Sebagai orang tua, kita dapat mewujudkan perhatian pada anak tersebut melalui pemberian hadiah seperti contohnya ketika buah hati terampil menggunakan alat makan maka kita orang tua harus jeli, bagaimana bisa menempatkan posisi buah hati sebagai anggota baru dalam meja makan. Target yang diharapkan dalam pembelajaran ini adalah melatih kemandirian atau menumbuhkan rasa percaya diri bagi buah hati kita.
Dalam kondisi yang serba terampil dan mulai adanya kekritisan pada fokus perhatiannya inilah kita sebagai orang tua mulai memberikan batasan yang konsisten berupa hal yang dapat dilakukan dan tidak boleh dilakukan. Kebutuhan anak yang utama adalah pujian pendampingan dan perhatian dimana semua kebutuhan itulah yang nantinya dapat diterapkan ketika berhubungan sosial dengan orang lain. Seorang anak tidak akan mengetahui perilaku sesuai dengan kelompok sosial dan memiliki sumber motivasi untuk mendorongnya berbuat sesuka hati.
Dalam hal ini jelas awalnya jalan sosial diperoleh dalam lingkungan keluarga anak belajar dari orang tua, saudara kandung dan anggota keluarga yang lain apa yang dianggap benar dan salah dalam hubungan bagi perilaku yang salah dan dari penerimaan sosial atau penghargaan bagi perilaku yang benar, seorang anak akan memperoleh motivasi yang diperlukan untuk mengikuti standar perilaku yang diterapkan anggota keluarga.
Dengan memahami hal tersebut, sebaiknya orang tua memberikan pendidik terbaik kepada anak tanamkanlah nilai-nilai kehidupan yang baik pada masa ini kepada anak, tanamkanlah nila-nilai kehidupan yang baik pada masa ini kepada anak. Perilaku, sikap dan komitmen orang tua akan menjadi teladan dan sumber yang akan ditiru oleh anak-anak.

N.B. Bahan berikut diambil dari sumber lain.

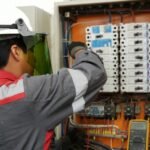 Digital Clamp Meter vs Digital Multimeter - Electrician testing voltage in an industrial breaker panel with a multimeter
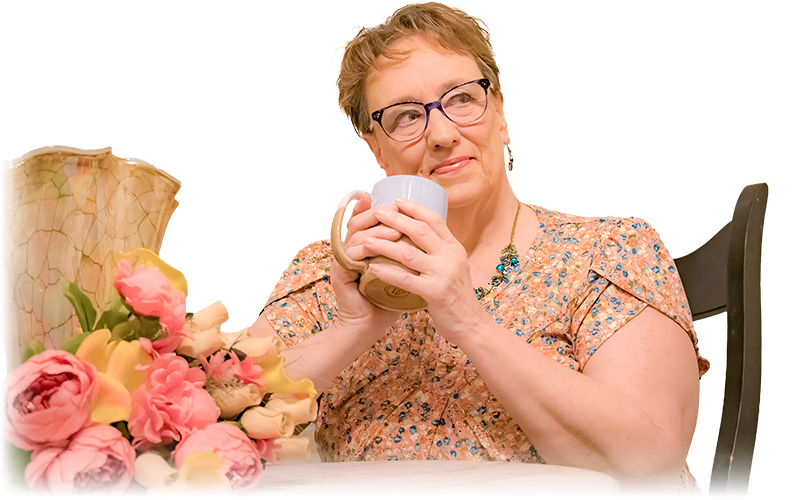 Photo of Delisa at a table sipping on coffee looking contemplative.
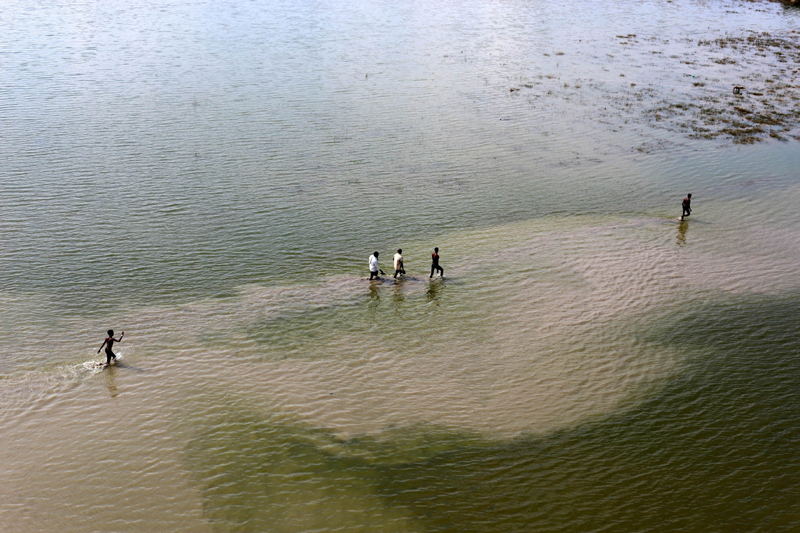 Prayagraj: Devotees walk in flood water mud on the river bank of Ganga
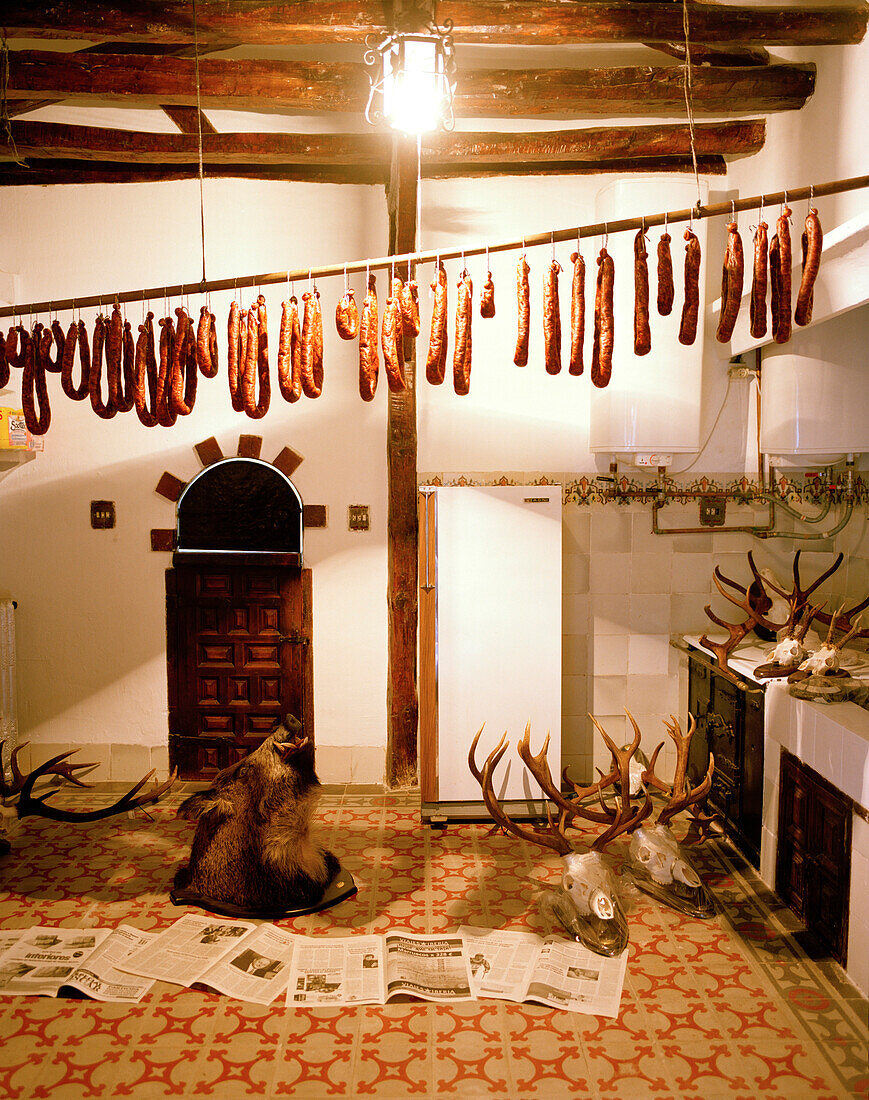 Sausages hung up to dry and hunting trophies, finca Arzuaga, near Quintanilla, Castile and León, Spain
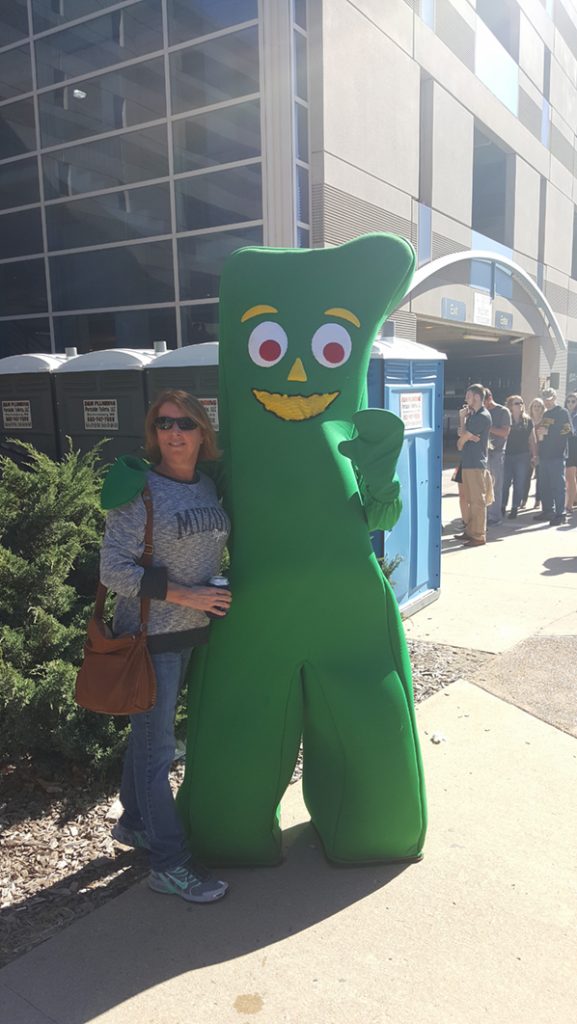 People posing with Gumby.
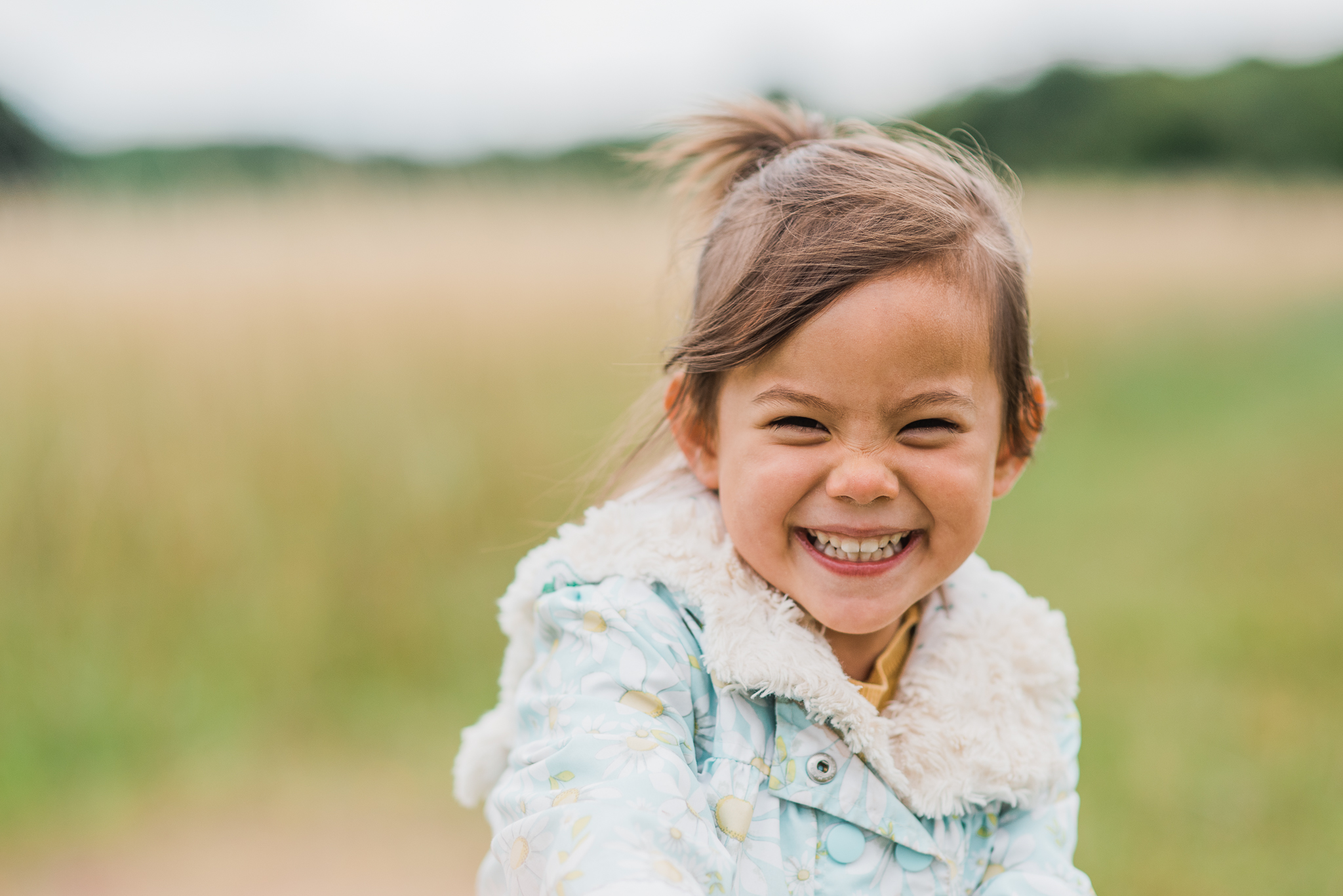 Girl smiling and running in field Cotswolds Child  Photographer.jpg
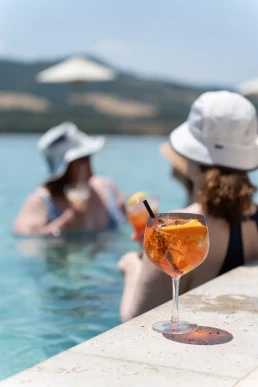 Couple enjoying a relaxed pool party during their wedding weekend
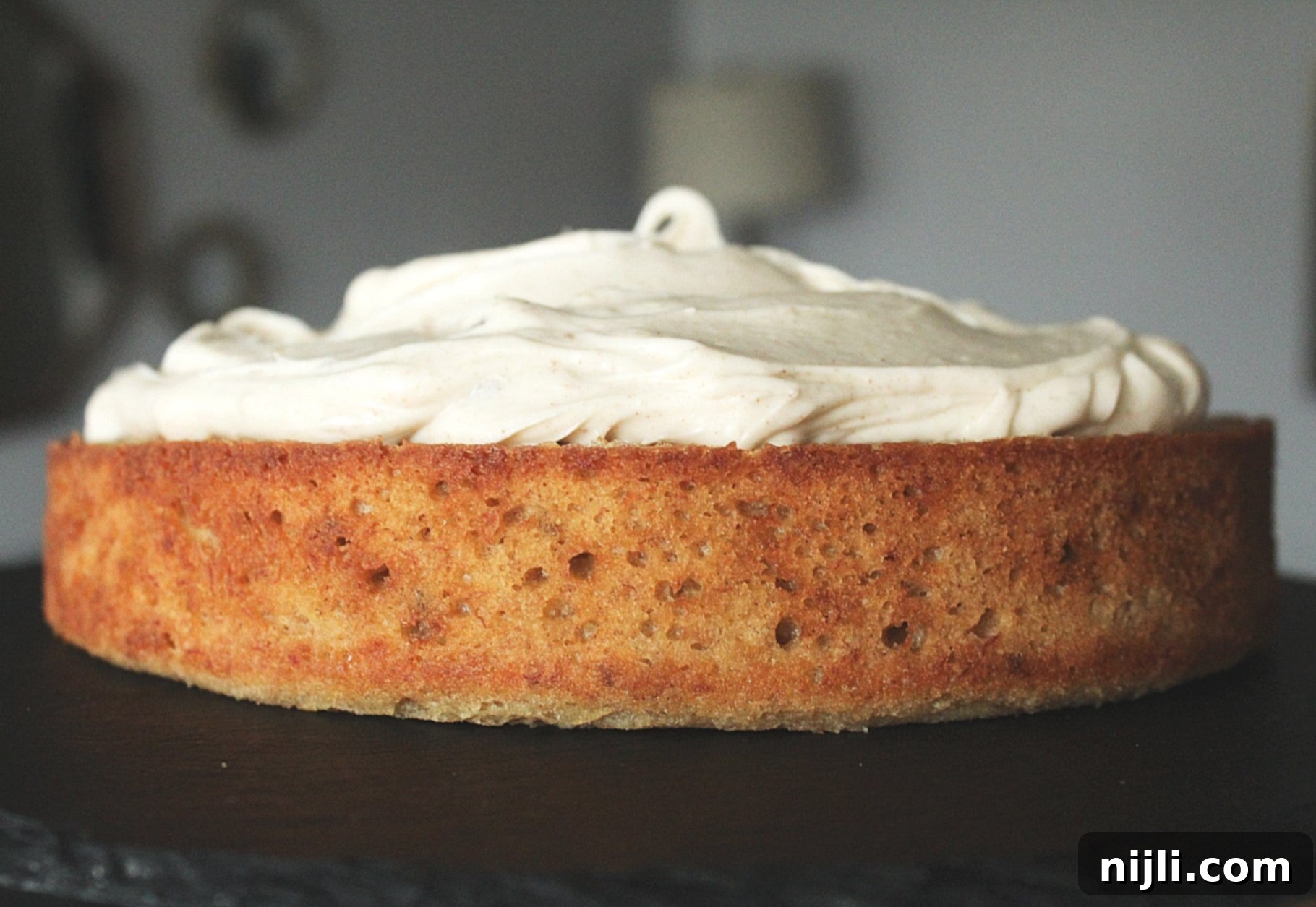 Banana Spice Cake with Toasted Butter Cream Cheese 4 Side closeup of spiced banana cake recipe topped with creamy brown butter cream cheese frosting.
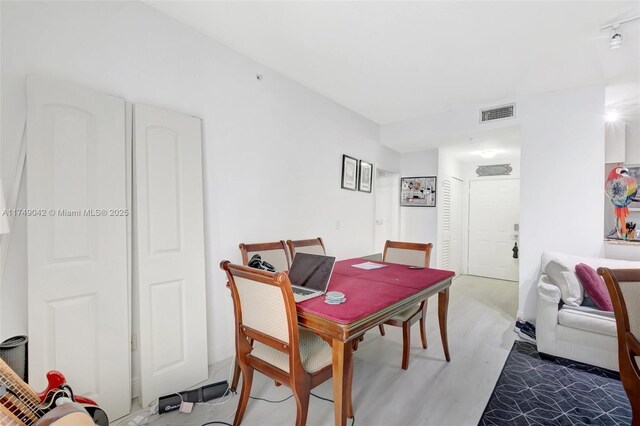 dining area featuring visible vents and wood finished floors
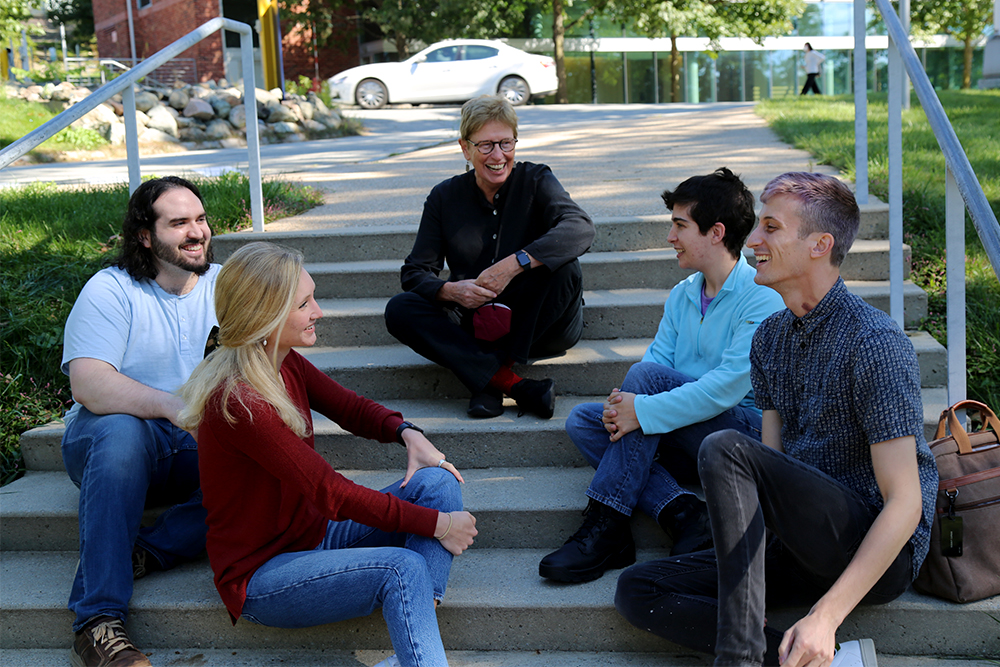 Four students and a professor sitting outside and chatting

Stimulasi dini adalah rangsangan-rangsangan atau stimulus yang diberikan kepada anak oleh lingkungan sekitarnya, terutama orang tuanya agar anak dapat tumbuh dan berkembang dengan baik dengan stimulasi dini ini diharapkan perkembangan motorik anak berjalan baik sehingga dapat mengikuti pendidikan berikutnya.
Peranan orang tua di sini sangatlah penting pada aktifitas pemberian pola asuh pada anaknya pada dasarnya orang tua adalah pembentuk akhlak dan dasar tingkah laku yang nantinya akan berperan pada fase perkembangan selanjutnya, sehingga sangatlah penting wawasan dan pendidikan orang tua dalam upaya peletakan pola asuh di dalam keluarga. Adapun pendidikan tersebut, tidaklah harus dilihat dari pendidikan formal yang di peroleh, pendidikan non formal pun (pendidikan agama) sangatlah diperlukan dalam pemberian pola asuh yang sesuai dengan kebutuhannya pada masa fase perkembangannya.
Betapa banyak orang tua yang ingin anak-anaknya menjadi anak yang cerdas otak rasionalnya, cerdas emosionalnya juga kecerdasan jamak lainnya. Semua kecerdasan bisa didapat bila diasuh oleh orang tua yang pintar dalam membentuk semua itu, walaupun unsur kesiapan menerima kehadiran anak juga tak kalah pentingnya berperan dalam pengasuhan anak.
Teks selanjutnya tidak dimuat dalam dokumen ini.